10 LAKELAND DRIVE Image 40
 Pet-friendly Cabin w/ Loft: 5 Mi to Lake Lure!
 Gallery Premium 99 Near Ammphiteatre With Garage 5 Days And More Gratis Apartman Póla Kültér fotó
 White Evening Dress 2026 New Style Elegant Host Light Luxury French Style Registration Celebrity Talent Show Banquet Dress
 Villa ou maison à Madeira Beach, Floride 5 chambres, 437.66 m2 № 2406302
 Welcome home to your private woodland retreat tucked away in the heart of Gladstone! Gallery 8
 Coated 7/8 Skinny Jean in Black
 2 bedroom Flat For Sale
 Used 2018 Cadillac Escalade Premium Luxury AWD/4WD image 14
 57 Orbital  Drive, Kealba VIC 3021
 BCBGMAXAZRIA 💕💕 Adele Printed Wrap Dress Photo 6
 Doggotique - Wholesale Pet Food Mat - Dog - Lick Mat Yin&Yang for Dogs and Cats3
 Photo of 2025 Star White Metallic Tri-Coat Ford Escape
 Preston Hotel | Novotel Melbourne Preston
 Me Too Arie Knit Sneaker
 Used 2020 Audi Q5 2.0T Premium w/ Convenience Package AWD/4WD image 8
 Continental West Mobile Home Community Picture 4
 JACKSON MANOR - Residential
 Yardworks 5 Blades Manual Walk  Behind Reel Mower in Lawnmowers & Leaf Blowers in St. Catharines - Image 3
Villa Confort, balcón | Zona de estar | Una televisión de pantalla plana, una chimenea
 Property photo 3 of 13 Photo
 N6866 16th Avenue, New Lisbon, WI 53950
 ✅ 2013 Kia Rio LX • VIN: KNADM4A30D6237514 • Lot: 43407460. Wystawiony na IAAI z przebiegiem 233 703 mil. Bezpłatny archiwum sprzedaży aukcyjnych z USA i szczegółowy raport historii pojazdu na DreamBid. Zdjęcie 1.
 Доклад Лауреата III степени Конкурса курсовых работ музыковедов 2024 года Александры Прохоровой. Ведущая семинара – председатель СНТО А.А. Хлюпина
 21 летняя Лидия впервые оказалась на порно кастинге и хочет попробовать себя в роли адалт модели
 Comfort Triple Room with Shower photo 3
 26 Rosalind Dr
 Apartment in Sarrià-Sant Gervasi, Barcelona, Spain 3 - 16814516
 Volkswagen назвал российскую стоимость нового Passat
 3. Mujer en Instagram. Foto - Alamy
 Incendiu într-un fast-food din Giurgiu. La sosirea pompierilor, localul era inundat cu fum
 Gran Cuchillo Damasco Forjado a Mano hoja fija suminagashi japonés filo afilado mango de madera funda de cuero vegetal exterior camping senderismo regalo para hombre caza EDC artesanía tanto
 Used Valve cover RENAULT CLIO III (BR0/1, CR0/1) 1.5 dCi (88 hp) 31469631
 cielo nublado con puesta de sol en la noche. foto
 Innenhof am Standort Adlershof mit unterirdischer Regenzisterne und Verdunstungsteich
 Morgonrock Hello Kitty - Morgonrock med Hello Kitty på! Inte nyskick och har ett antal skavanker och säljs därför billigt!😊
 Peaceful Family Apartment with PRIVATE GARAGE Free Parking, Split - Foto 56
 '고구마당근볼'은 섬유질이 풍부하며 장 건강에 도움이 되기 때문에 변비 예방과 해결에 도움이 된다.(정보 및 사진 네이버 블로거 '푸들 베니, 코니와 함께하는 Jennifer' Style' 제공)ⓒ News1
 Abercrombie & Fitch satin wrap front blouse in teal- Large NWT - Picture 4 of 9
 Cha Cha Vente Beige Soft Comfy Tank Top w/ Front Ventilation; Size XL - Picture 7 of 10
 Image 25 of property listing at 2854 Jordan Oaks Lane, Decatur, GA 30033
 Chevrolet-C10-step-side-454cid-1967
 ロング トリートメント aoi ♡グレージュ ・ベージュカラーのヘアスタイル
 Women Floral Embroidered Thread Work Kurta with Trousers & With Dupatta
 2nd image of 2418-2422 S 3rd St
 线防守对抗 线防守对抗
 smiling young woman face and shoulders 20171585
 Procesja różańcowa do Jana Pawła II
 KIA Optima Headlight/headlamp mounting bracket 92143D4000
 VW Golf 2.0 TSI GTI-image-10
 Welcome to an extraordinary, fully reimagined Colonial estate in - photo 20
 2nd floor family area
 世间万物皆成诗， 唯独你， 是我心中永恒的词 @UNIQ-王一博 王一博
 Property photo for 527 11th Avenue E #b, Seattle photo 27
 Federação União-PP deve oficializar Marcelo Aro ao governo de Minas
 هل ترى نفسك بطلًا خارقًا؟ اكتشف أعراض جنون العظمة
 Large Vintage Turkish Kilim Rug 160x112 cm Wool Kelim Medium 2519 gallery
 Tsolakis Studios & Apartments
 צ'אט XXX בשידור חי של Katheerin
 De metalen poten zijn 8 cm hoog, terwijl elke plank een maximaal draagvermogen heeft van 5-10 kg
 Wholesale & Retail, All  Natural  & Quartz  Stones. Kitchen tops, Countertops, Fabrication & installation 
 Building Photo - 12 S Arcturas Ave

━━━━━━━━━━

• Assigned task
Report each line of the data in which "Wholesale" occurs.

• Written solution
 Doggotique - Wholesale Pet Food Mat - Dog - Lick Mat Yin&Yang for Dogs and Cats3
 Wholesale & Retail, All  Natural  & Quartz  Stones. Kitchen tops, Countertops, Fabrication & installation 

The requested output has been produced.